═══ SUPPLIED RECORDS

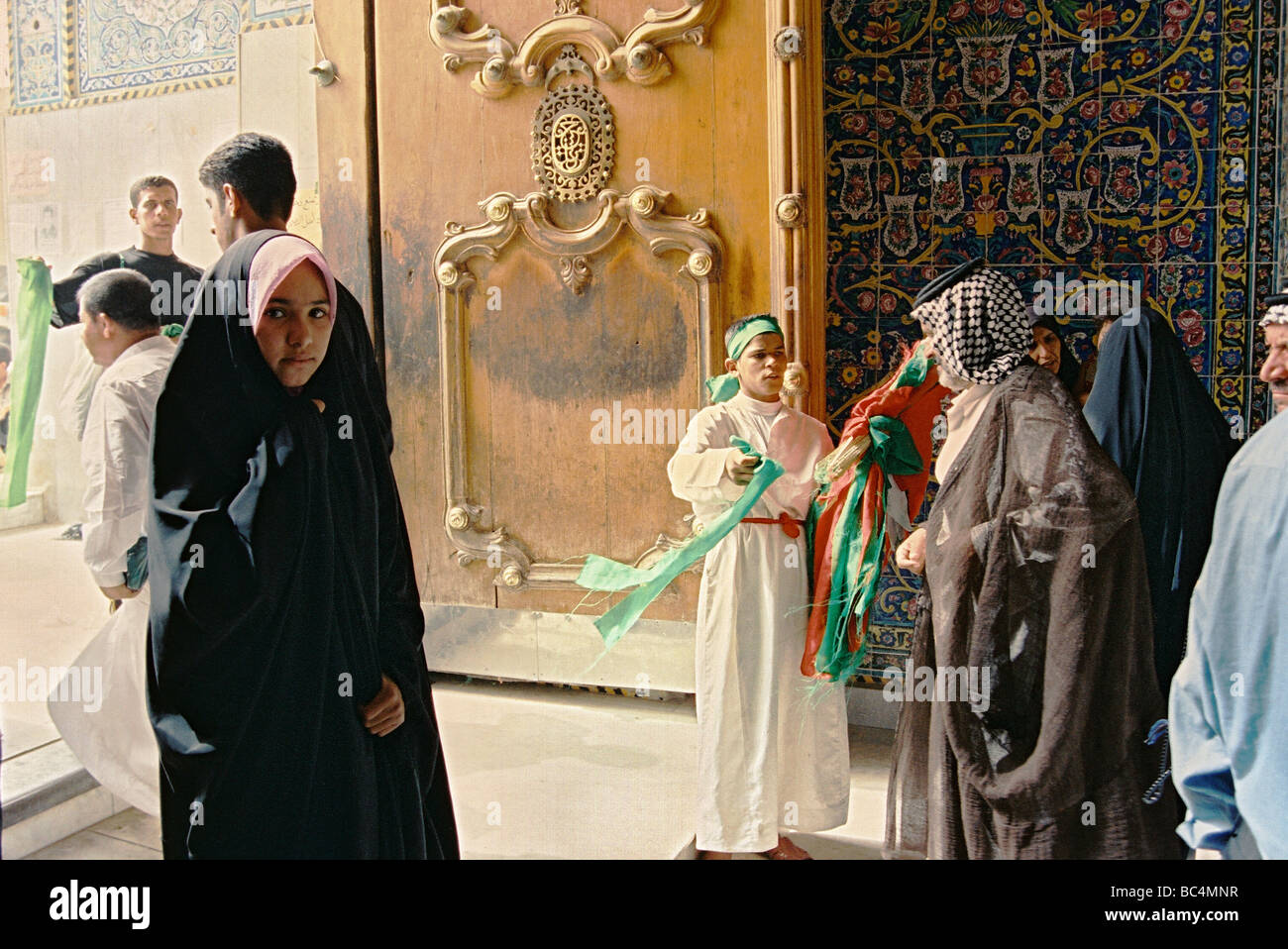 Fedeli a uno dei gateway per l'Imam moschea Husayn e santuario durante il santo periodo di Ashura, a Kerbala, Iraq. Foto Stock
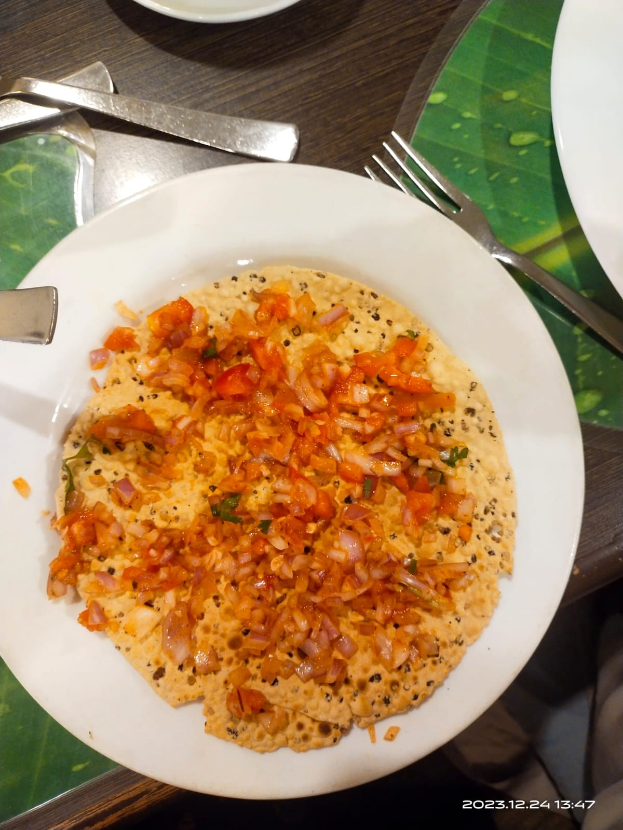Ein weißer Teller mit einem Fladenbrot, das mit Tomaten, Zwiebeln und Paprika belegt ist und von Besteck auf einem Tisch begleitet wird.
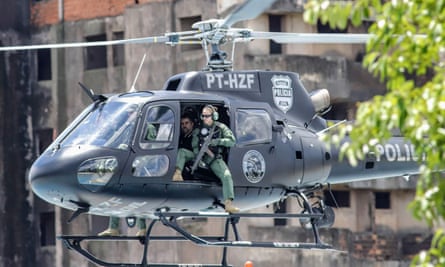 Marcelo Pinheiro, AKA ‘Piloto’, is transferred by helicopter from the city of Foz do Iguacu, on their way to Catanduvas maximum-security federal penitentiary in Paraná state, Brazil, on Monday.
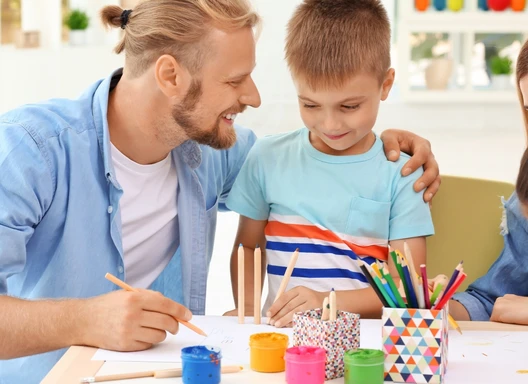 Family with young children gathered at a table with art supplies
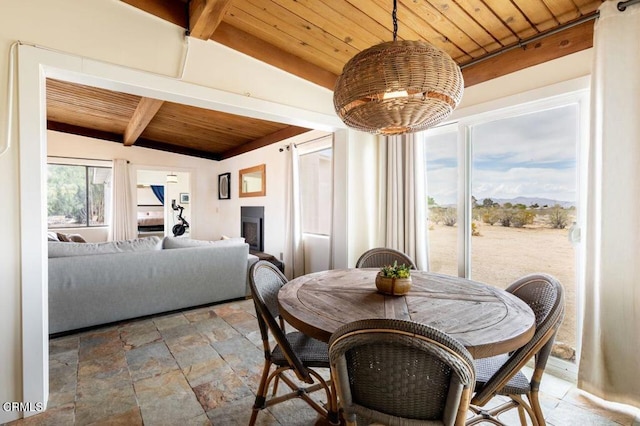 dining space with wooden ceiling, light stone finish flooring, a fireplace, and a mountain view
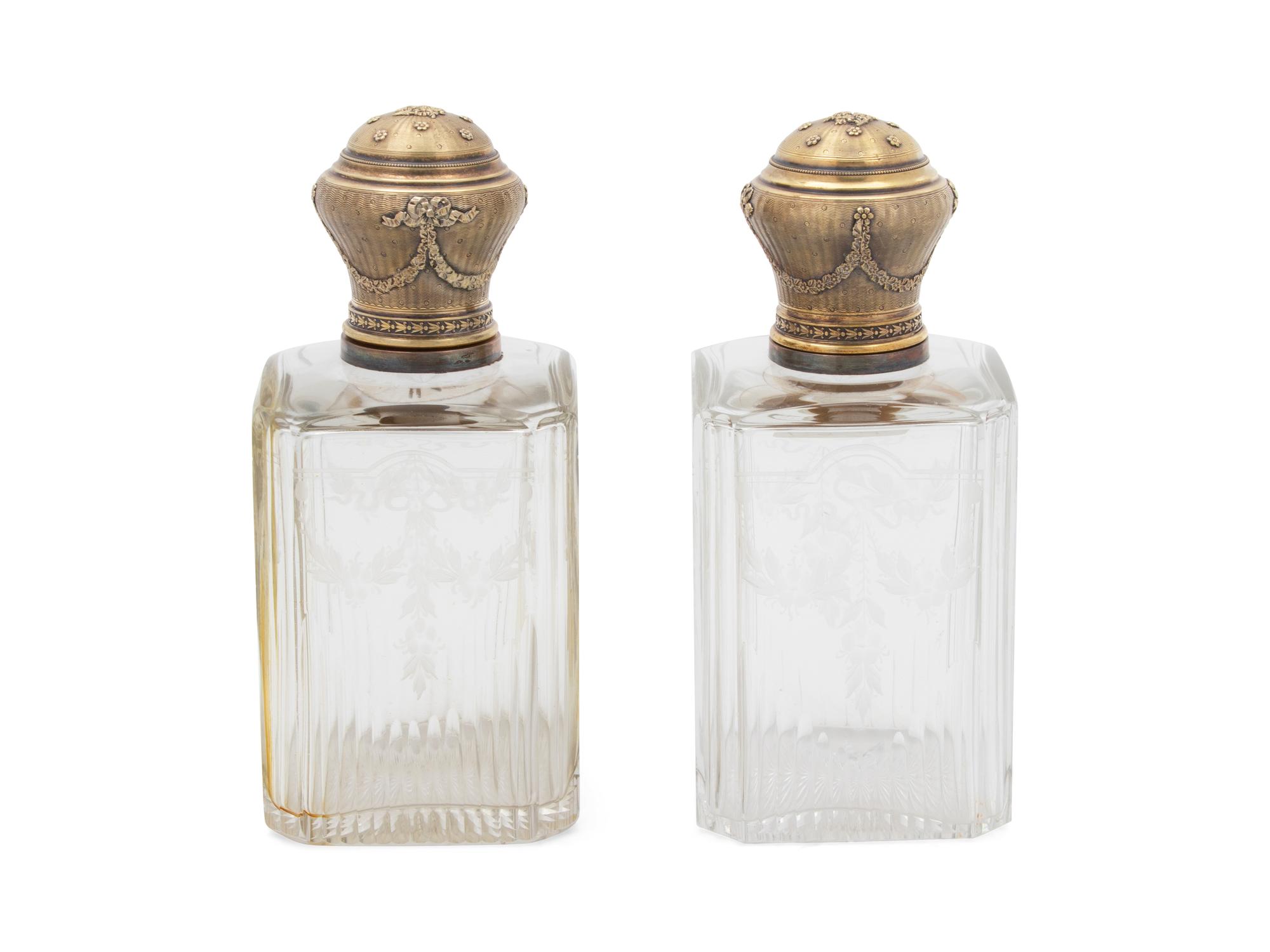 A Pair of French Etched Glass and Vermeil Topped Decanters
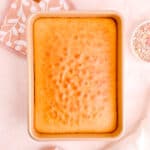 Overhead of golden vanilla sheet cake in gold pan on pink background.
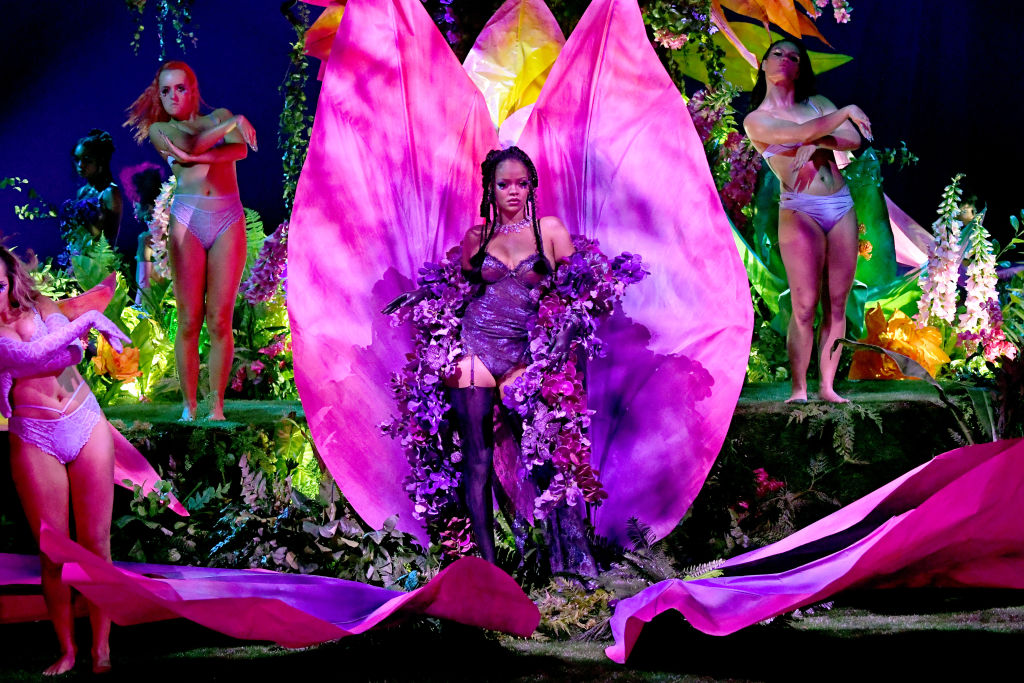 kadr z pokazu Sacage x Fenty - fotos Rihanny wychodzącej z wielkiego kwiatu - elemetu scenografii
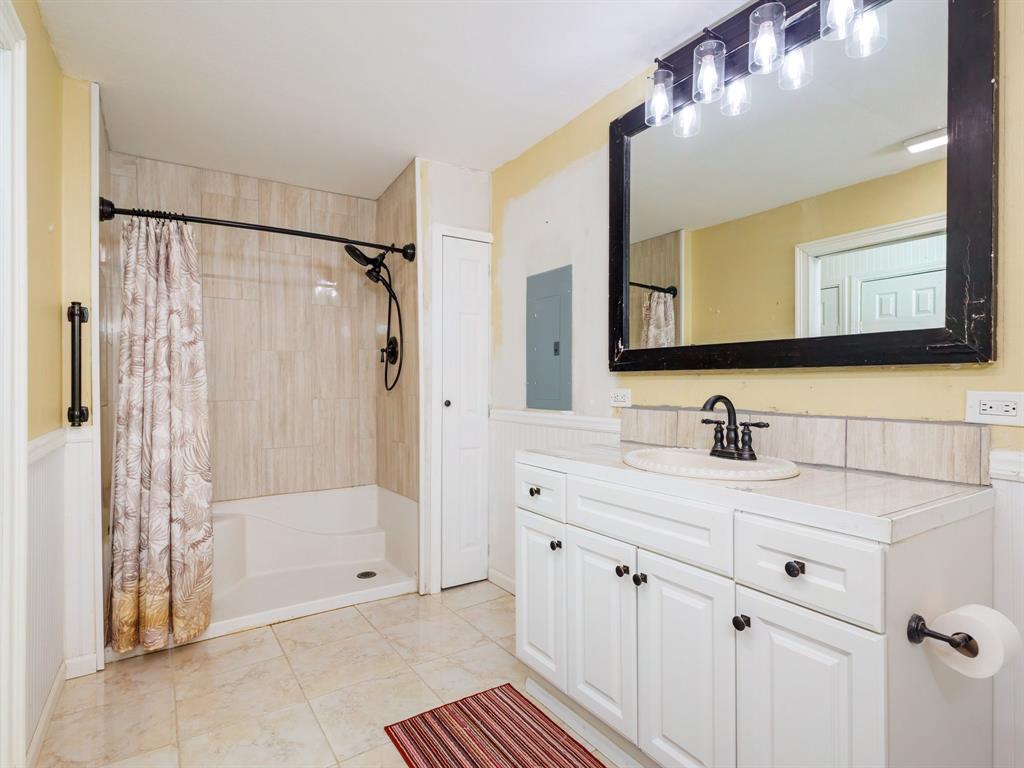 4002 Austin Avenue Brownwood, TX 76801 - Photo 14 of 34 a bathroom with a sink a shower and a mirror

══════

REQUIRED ACTION |
Find the line that contains "kadr z pokazu". Reproduce it and every later line of the records exactly, minus the pictures.

ANSWER SECTION |
 kadr z pokazu Sacage x Fenty - fotos Rihanny wychodzącej z wielkiego kwiatu - elemetu scenografii
 4002 Austin Avenue Brownwood, TX 76801 - Photo 14 of 34 a bathroom with a sink a shower and a mirror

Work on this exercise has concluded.